GIVEN ENTRIES »

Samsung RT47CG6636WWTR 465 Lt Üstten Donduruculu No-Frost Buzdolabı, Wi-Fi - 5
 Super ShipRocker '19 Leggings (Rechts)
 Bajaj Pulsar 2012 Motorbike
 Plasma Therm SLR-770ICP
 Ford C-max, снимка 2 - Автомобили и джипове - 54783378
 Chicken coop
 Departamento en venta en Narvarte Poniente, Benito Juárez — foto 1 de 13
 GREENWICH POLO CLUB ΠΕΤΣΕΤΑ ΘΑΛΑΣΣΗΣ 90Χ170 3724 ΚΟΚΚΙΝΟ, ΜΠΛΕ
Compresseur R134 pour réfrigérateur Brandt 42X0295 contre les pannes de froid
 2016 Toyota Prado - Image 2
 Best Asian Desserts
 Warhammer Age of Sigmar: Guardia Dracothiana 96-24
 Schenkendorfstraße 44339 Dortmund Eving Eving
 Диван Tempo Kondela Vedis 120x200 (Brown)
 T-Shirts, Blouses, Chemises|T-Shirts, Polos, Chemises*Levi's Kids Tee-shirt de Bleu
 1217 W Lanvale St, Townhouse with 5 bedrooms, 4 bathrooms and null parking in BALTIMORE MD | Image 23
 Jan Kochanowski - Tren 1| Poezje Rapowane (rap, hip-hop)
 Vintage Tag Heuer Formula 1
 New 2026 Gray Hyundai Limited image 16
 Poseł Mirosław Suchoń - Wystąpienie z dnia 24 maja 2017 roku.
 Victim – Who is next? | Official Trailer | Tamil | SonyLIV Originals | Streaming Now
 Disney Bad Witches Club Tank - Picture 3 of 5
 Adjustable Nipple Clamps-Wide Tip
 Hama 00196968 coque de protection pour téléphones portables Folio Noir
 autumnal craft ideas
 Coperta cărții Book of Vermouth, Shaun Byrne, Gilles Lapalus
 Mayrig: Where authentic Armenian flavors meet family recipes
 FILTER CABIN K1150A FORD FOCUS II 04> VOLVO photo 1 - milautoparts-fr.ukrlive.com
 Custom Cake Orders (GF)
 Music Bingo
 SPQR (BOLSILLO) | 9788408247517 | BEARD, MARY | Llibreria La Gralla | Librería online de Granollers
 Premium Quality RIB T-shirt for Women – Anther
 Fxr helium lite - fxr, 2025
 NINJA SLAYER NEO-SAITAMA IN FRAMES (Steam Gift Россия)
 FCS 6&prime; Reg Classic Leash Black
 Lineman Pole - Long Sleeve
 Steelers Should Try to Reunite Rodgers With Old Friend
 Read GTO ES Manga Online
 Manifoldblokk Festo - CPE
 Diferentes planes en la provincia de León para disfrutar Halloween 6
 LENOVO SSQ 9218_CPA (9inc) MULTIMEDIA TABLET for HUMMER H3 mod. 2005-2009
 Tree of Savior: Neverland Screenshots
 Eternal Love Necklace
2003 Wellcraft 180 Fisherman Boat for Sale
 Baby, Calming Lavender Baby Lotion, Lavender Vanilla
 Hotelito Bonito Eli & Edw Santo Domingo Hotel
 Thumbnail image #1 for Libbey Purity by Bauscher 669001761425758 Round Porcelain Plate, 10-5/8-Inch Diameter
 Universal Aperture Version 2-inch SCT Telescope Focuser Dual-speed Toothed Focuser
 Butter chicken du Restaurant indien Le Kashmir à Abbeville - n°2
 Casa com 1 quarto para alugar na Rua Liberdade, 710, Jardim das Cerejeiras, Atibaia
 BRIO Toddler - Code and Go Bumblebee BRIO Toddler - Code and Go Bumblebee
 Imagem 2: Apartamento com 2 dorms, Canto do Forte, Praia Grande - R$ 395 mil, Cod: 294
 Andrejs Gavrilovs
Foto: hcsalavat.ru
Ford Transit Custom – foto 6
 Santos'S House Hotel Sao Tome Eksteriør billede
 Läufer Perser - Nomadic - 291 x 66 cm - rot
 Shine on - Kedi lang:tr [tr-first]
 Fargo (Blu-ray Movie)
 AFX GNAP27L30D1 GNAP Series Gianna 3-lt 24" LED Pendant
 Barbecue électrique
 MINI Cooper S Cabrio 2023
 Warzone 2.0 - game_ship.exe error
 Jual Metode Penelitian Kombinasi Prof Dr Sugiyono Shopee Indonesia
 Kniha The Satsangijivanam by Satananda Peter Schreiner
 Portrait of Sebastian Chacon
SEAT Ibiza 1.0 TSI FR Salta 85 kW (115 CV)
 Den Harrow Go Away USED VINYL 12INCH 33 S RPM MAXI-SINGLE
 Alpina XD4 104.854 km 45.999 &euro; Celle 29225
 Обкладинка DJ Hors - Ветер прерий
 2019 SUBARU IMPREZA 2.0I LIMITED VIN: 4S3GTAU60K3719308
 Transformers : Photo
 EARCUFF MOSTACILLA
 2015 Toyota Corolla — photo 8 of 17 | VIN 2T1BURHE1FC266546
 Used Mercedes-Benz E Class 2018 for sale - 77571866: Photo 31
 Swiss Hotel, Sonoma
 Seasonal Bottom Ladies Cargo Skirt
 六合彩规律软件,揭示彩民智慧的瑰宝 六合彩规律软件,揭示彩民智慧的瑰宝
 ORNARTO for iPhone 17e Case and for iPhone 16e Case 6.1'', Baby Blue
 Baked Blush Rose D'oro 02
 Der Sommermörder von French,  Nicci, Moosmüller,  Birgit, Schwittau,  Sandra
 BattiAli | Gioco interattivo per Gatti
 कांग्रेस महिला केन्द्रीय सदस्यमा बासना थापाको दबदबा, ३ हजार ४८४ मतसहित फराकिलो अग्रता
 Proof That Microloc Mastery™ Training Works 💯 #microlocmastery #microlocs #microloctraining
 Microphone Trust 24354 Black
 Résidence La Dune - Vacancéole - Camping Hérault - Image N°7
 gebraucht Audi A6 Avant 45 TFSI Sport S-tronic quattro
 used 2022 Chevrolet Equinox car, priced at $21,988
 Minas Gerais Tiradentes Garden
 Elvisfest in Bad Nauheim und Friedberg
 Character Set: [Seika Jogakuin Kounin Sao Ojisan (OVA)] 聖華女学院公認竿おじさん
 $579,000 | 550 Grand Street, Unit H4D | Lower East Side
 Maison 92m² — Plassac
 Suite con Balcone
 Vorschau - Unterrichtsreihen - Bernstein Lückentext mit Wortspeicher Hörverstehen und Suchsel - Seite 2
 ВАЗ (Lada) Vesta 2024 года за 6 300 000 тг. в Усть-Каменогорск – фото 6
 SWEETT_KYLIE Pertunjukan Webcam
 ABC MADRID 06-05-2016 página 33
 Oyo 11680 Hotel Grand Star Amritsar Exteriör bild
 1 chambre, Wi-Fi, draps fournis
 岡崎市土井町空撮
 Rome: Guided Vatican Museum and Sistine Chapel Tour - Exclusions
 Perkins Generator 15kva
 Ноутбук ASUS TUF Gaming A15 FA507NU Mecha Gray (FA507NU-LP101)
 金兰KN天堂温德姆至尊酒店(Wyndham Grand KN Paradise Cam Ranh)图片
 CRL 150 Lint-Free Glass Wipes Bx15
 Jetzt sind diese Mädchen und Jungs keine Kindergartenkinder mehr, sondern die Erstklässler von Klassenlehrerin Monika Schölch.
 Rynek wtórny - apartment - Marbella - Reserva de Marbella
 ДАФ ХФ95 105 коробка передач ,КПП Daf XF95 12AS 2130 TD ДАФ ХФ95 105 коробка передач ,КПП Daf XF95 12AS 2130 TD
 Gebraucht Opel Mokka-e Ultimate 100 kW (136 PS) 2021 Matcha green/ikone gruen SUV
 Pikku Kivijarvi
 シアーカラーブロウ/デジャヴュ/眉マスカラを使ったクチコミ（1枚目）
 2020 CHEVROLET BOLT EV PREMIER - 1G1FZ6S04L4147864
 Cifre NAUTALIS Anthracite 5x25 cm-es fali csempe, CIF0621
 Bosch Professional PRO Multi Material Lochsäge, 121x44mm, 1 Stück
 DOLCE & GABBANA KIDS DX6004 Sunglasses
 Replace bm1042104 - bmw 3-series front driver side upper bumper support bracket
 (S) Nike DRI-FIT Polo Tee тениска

EXERCISE OBJECTIVE » The expected answer is a copy of every line in the entries that holds the word "Black".

WRITTEN REPLY »
 FCS 6&prime; Reg Classic Leash Black
 Microphone Trust 24354 Black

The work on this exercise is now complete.